BRILLIANT series like this leave me wondering why history has a reputation as a boring subject. Where did its dusty image come from? I suppose it’s in the divide between social history and the more academic “drums and trumpets” history generations of us endured at school. The latter is just one approach; this new series presents another.

It’s a social and political history of Scotland, describing in three episodes how modern Scotland came to be.

It begins with the ending of the First World War, as the soldiers returned and looked for the “homes fit for heroes” they were promised. When it became clear nothing much was changing, rebellions broke out and the red flag was famously raised in George Square.

But when the poor were finally given the vote they had a more direct way to express their anger, and the story moves to Dundee, showing what the city’s poor lived like. Archives show drunks arrested with broken noses, missing teeth and eyes. Alcohol was an escape from endless work and poverty – but now they had the vote.

Their MP was Winston Churchill. He was carried to the polling station in a chair due to illness, with each man paid one pound to hoist him, but the crowd shouted “We’ll give you two pounds if ye drop him!”

EMPLOYABLE ME, BBC2, 11.45pm

I URGE you to watch this, despite the late hour. I’ve watched it twice, and I laughed, wept and got furiously angry.

It’s a documentary series about people with neurological disorders and their struggle to find work.

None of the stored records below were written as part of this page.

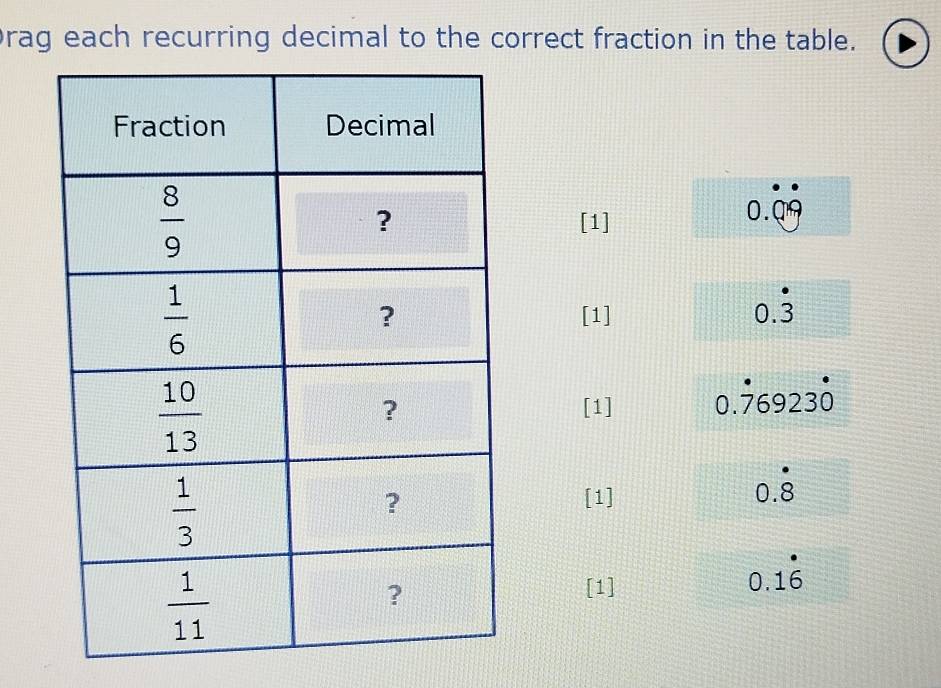 brag each recurring decimal to the correct fraction in the table.
[1]
0.dot Qdot A
[1]
0.dot 3
[1] 0.dot 76923dot 0
[1]
0.dot 8
[1]
0.1dot 6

We meet Paul, 52, who developed Tourette’s and it has ruined his chances of getting a job. I admit, even though some may complain, that I was laughed madly at some of his tics. He shouts things like “Baby Jesus loved petrol stations!” and “I’m made of cats and kittens!”

No employer will give him a chance but with some help from experts will he find a job which accommodates his outbursts?

The second person featured almost broke my heart. Brett, 34, has autism and finds it difficult to speak. He’s perfectly intelligent but just can’t get the worst past his mouth, so he often has to jot down his sentences then read them aloud. This has battered his confidence and he manages to say that his worst fear is “Not having a job and being by myself. Being a lonely old man.”

Both men want to work but no-one will employ them. To think that Iain Duncan Smith would label these men “scroungers” almost strangles me with rage.